* _Provided entries_:
====
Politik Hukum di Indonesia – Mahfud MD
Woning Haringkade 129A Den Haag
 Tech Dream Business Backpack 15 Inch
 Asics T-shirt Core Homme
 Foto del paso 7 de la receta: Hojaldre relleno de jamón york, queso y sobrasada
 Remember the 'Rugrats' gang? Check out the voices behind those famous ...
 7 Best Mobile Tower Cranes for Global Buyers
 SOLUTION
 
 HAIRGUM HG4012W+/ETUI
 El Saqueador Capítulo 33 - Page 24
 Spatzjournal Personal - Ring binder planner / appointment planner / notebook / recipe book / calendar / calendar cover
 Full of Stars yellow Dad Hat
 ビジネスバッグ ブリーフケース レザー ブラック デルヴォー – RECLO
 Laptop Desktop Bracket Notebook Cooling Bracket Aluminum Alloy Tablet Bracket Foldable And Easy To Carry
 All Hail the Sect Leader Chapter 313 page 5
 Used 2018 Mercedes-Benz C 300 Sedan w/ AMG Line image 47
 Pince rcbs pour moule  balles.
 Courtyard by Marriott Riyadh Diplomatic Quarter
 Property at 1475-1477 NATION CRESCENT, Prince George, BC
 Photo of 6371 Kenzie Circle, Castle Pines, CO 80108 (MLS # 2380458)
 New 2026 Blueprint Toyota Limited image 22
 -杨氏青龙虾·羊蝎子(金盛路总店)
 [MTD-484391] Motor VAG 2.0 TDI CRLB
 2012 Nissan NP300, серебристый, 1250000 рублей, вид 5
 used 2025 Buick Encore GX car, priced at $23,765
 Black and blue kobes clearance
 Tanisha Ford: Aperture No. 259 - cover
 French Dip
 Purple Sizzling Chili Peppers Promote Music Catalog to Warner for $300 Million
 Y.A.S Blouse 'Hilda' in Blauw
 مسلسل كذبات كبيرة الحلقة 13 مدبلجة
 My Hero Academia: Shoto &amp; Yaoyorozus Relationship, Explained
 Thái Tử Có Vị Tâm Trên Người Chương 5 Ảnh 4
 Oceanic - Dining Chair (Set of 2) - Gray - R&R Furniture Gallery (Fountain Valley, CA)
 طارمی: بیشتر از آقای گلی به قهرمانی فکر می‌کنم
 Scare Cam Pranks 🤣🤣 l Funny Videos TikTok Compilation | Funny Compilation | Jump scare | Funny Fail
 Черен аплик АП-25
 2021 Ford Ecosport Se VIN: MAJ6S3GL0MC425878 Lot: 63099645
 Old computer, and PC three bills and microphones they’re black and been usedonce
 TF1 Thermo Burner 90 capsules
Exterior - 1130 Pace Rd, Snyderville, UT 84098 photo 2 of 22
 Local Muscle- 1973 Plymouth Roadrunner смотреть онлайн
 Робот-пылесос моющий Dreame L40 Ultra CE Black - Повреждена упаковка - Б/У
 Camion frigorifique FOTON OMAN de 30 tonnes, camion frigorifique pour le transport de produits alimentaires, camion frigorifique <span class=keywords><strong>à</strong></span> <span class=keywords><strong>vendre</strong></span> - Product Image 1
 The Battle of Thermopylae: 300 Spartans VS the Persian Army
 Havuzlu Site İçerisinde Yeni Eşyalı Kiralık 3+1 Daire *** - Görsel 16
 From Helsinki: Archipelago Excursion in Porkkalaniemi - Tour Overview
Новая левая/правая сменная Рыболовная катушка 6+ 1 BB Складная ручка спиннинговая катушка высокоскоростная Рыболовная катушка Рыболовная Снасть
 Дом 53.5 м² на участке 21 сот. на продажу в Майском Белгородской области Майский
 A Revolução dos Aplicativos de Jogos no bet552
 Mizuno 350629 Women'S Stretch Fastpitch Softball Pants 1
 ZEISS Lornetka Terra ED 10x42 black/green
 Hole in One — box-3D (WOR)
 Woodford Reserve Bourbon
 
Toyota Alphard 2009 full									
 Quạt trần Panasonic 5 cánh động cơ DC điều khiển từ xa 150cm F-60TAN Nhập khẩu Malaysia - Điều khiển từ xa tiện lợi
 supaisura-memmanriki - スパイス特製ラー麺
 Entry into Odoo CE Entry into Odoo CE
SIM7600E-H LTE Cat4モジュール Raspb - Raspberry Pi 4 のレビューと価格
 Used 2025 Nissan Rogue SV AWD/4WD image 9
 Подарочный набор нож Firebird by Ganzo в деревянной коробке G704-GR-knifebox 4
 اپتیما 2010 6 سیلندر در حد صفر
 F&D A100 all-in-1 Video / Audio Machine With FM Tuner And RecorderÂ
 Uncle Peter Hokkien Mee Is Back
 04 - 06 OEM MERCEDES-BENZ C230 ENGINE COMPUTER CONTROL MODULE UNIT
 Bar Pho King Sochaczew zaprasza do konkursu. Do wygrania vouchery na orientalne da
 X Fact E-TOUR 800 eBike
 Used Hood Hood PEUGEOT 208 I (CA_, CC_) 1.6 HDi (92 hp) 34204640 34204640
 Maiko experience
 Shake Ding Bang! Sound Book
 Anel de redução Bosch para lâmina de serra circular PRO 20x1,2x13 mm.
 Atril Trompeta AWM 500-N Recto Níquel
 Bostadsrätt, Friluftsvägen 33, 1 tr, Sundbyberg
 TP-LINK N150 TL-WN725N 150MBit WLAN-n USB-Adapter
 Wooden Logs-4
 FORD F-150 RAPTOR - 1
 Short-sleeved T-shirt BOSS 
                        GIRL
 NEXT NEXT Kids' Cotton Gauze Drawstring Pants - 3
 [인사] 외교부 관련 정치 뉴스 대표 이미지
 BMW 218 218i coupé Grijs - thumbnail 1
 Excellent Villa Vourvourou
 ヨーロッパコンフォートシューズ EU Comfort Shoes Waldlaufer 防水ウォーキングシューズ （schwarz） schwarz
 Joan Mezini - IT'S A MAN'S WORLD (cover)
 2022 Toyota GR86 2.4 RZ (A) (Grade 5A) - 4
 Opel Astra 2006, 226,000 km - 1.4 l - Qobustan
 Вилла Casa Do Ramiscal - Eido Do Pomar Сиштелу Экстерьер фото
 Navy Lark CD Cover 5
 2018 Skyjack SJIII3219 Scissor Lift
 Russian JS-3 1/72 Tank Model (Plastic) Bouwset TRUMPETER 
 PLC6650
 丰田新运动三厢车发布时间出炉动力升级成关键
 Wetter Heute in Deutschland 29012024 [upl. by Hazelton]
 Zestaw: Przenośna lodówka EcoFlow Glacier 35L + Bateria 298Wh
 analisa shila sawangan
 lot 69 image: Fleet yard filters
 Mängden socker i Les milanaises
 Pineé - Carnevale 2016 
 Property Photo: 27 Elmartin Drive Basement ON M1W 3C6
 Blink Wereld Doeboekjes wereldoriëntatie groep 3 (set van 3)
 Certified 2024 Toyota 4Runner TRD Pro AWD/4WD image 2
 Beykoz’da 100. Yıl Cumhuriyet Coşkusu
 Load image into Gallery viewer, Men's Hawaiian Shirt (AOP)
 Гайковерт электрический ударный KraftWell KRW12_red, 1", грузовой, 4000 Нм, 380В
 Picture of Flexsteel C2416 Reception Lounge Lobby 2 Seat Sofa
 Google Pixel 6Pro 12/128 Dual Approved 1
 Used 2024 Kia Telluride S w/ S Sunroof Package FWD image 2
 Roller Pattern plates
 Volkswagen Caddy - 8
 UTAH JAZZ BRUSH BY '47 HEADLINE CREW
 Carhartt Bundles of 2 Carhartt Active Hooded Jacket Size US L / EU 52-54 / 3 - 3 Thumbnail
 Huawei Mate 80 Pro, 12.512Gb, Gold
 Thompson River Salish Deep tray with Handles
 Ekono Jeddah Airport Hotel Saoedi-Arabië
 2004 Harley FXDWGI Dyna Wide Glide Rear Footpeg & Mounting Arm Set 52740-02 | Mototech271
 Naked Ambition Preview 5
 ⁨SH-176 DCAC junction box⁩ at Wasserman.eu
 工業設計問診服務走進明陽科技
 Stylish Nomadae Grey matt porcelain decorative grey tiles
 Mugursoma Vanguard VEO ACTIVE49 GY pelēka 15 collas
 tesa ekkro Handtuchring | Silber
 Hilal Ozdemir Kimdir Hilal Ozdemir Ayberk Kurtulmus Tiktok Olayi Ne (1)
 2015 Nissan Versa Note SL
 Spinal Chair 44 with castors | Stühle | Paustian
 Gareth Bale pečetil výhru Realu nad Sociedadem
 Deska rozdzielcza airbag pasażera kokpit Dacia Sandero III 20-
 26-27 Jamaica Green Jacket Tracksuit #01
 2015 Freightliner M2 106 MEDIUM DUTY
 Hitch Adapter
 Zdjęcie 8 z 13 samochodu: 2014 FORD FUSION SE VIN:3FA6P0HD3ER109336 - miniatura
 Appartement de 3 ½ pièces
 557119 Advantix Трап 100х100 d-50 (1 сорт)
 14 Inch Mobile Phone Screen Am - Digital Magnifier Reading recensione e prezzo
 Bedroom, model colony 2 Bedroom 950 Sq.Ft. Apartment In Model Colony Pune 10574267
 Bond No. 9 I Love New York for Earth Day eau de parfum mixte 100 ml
====
* _Requirement_:
The reply should hold only the lines of the listing above starting at the line containing "ヨーロッパコンフォートシューズ EU Comfort" and ending at the line containing "Certified 2024 Toyota", exactly as written.

* _Solution for this problem_:
 ヨーロッパコンフォートシューズ EU Comfort Shoes Waldlaufer 防水ウォーキングシューズ （schwarz） schwarz
 Joan Mezini - IT'S A MAN'S WORLD (cover)
 2022 Toyota GR86 2.4 RZ (A) (Grade 5A) - 4
 Opel Astra 2006, 226,000 km - 1.4 l - Qobustan
 Вилла Casa Do Ramiscal - Eido Do Pomar Сиштелу Экстерьер фото
 Navy Lark CD Cover 5
 2018 Skyjack SJIII3219 Scissor Lift
 Russian JS-3 1/72 Tank Model (Plastic) Bouwset TRUMPETER 
 PLC6650
 丰田新运动三厢车发布时间出炉动力升级成关键
 Wetter Heute in Deutschland 29012024 [upl. by Hazelton]
 Zestaw: Przenośna lodówka EcoFlow Glacier 35L + Bateria 298Wh
 analisa shila sawangan
 lot 69 image: Fleet yard filters
 Mängden socker i Les milanaises
 Pineé - Carnevale 2016 
 Property Photo: 27 Elmartin Drive Basement ON M1W 3C6
 Blink Wereld Doeboekjes wereldoriëntatie groep 3 (set van 3)
 Certified 2024 Toyota 4Runner TRD Pro AWD/4WD image 2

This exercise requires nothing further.